#### Assignment
Gather each line of the records where "Work" appears.

● ● ●

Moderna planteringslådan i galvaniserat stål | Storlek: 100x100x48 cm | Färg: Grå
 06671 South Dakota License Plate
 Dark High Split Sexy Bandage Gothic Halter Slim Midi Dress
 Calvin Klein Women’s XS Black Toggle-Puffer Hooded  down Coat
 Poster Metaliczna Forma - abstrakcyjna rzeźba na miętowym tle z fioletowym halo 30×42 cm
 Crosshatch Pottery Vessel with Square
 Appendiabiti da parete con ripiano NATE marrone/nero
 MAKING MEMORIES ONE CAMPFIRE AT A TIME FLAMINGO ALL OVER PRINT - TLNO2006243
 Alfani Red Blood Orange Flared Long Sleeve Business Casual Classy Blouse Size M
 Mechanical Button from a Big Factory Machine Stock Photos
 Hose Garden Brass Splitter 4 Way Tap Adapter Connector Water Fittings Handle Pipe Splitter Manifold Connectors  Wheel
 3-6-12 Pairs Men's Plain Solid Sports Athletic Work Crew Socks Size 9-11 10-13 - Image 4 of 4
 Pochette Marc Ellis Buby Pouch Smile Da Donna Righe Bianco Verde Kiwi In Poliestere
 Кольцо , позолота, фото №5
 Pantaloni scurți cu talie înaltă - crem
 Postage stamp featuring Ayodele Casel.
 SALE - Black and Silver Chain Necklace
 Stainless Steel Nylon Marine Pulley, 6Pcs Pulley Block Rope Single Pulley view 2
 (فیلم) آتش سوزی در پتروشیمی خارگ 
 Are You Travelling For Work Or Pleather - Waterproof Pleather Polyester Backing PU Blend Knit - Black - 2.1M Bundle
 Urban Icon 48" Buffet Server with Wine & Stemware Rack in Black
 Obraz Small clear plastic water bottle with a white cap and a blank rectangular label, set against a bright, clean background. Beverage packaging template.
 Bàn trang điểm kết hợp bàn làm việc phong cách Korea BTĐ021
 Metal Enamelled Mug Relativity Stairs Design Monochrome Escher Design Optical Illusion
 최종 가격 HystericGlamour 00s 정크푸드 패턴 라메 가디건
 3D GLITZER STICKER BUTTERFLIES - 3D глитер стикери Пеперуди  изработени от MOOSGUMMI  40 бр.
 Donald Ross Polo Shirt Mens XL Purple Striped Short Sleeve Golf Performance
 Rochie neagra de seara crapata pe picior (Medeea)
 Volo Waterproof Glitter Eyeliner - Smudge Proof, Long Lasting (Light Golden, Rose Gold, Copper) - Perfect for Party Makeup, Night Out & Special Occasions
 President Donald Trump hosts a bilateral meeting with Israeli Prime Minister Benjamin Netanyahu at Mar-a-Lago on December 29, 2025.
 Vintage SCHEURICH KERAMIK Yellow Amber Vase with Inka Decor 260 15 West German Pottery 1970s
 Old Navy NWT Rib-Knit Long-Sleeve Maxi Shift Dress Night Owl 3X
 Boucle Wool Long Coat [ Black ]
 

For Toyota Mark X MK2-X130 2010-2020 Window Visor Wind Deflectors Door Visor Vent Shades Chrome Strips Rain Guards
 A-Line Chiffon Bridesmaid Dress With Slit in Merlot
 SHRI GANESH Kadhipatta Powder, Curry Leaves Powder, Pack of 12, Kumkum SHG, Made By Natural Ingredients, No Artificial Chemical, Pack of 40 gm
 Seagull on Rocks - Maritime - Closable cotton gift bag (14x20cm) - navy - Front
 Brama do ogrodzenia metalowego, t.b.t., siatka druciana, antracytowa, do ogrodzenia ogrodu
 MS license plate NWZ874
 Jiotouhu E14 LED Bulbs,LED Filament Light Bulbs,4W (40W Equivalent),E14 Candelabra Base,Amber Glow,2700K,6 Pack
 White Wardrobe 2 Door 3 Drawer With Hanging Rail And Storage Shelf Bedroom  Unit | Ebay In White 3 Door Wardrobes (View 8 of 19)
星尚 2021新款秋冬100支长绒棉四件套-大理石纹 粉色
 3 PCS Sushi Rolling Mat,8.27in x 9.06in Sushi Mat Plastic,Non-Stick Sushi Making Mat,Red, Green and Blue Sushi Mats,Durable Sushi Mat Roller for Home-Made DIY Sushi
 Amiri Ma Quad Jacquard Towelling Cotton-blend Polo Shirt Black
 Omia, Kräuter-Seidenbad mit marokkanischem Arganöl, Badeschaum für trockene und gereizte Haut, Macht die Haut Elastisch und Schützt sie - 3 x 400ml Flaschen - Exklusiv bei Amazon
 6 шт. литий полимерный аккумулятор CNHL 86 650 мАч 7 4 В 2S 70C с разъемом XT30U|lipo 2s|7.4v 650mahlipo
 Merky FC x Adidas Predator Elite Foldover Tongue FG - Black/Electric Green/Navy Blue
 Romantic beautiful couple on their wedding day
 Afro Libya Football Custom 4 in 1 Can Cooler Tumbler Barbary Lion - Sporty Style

● ● ●

#### Answer
 3-6-12 Pairs Men's Plain Solid Sports Athletic Work Crew Socks Size 9-11 10-13 - Image 4 of 4
 Are You Travelling For Work Or Pleather - Waterproof Pleather Polyester Backing PU Blend Knit - Black - 2.1M Bundle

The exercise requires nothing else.